Although growth in the semiconductor industry is expected to be rather flat in 2005, some venture capitalists are looking beyond the traditional telecommunications and networking end-markets that semiconductor start-ups have traditionally catered to in the past. Instead, many VC firms are now placing their bets on companies developing technology for consumer products including wireless handsets, home entertainment devices and PCs – companies that are finding burgeoning customer bases in Asian markets.
Then came a revival over the last two years as demand for flash memory-based units outpaced supply. The global semiconductor market grew almost 20 percent in 2003, and growth rates for 2004 are being tabulated at anywhere between 23 percent 32 percent by various market sources.
Now, as 2005 wears on, semiconductor expansion isn’t expected to surpass 10 percent, in part due to a lack of new products on the market. But less-than-stellar forecasts haven’t stopped limited partners from entrusting their money to firms with semiconductor specialties. In March, Menlo Park-based technology investor El Dorado Ventures closed its seventh fund on $200 million (€152 million). General partner Tom Peterson says slow growth is viewed as part of the cyclical nature of semiconductors and that his firm sees lots of interesting opportunities in the long-run, particularly in wireless convergence and in the consumer end-markets.
Also in March, Canadian venture firm Celtic House closed an oversubscribed third fund on C$280 million ($225 million; €173 million).
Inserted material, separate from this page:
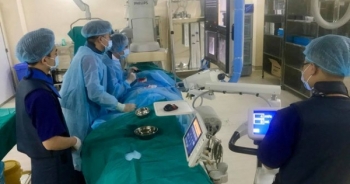 Loại bỏ khối u gan lớn đến 6cm không cần phẫu thuật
According t+o Celtic House partner Brian Antonen, part of his firm’s success in Fund II is that it shifted its investment theme for semiconductors away from expensive and complex telecom and networking chips, as was the trend in the 1990s, to companies who focus on consumer electronics as an end market.
“The North American venture community is used to building complex chips to sell to Lucent and Cisco,” Antonen says. “That worked in the 1990’s. While consumer electronics (chips) generally deliver lower gross margins, their extremely high volumes provide significant gross margin dollars to leverage the operating infrastructure, which is typically leaner than a communications chip company. We believe that these companies have a better chance at rapid growth and potential a IPO.”
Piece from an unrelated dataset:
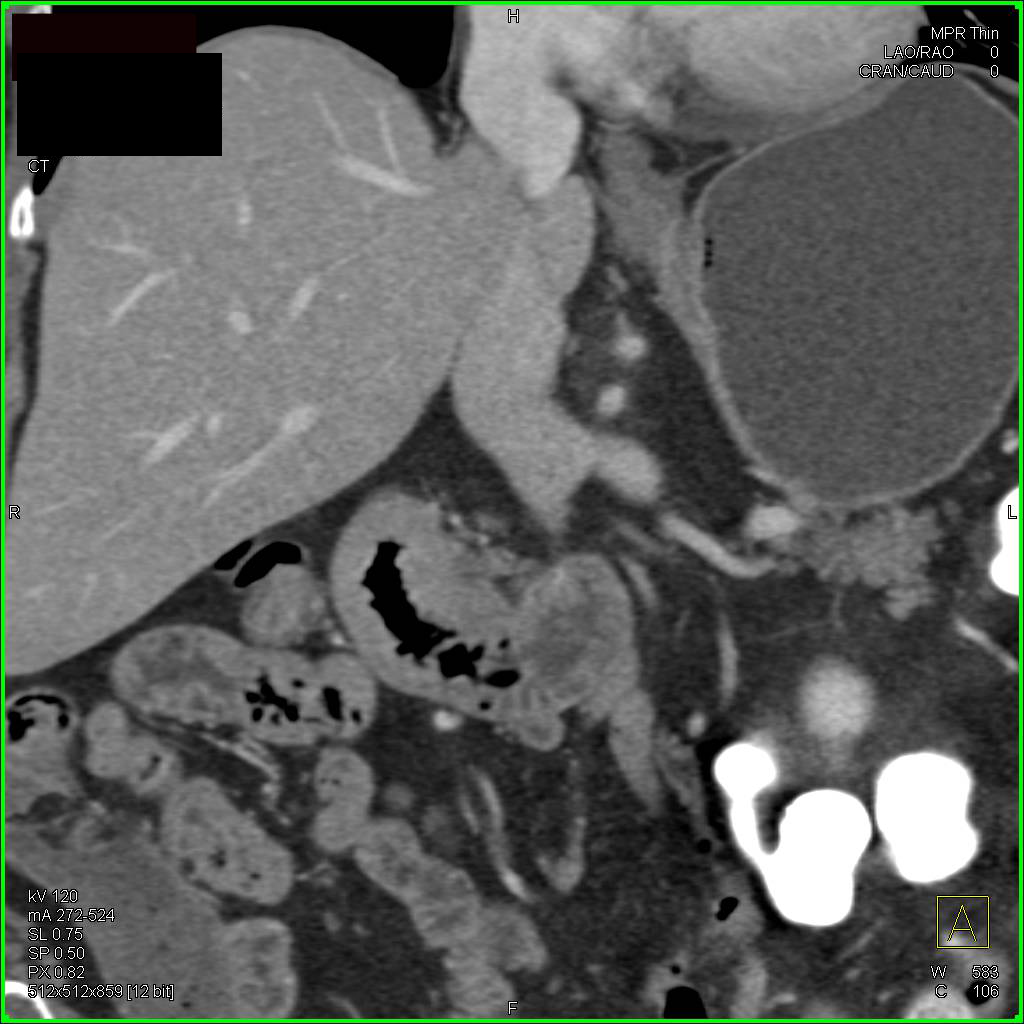 Duodenal Carcinoma - CTisus CT Scan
Antonen adds that the customer base for many of these products has shifted from North America and Europe to Asia. Indeed, according to research firm Gartner, in 2003, sales to the Asia/Pacific region, not including Japan, totaled more than $68 billion, or about 39 percent of the market. Tom Rosch, a general partner at Menlo Park venture firm InterWest Partners, says Asia has great potential because of the combination of an enormous population and a fast-growing middle class. “There are 350 million cell phone users in China alone. That’s more than the entire population of the US.”
In addition to wireless handset companies, which typically have new products out every four to nine months, Rosch sees “explosive growth” in digital television in Asia. “The Chinese digital TV manufacturers have become world-class very quickly. The whole TV industry is going to change over the next three years. It’s hard to fathom all the opportunities in the digital area.”
Antonen believes that beyond demographics, a very good understanding of the Asian supply chain will be critical in order for venture capitalists to be successful in semiconductor investing. For instance, he says that one of Celtic House’s portfolio companies is staffed with more than 100 people in China and about 15 in the US. However, approximately 80 percent of the operating expenses for that entire company comes from the US location.
Over the next few years, many venture capital firms and their portfolio companies will have to adjust their strategies to account for the new dynamics in the semiconductor market. As with so many other industries, overlooking Asia does not seem an option.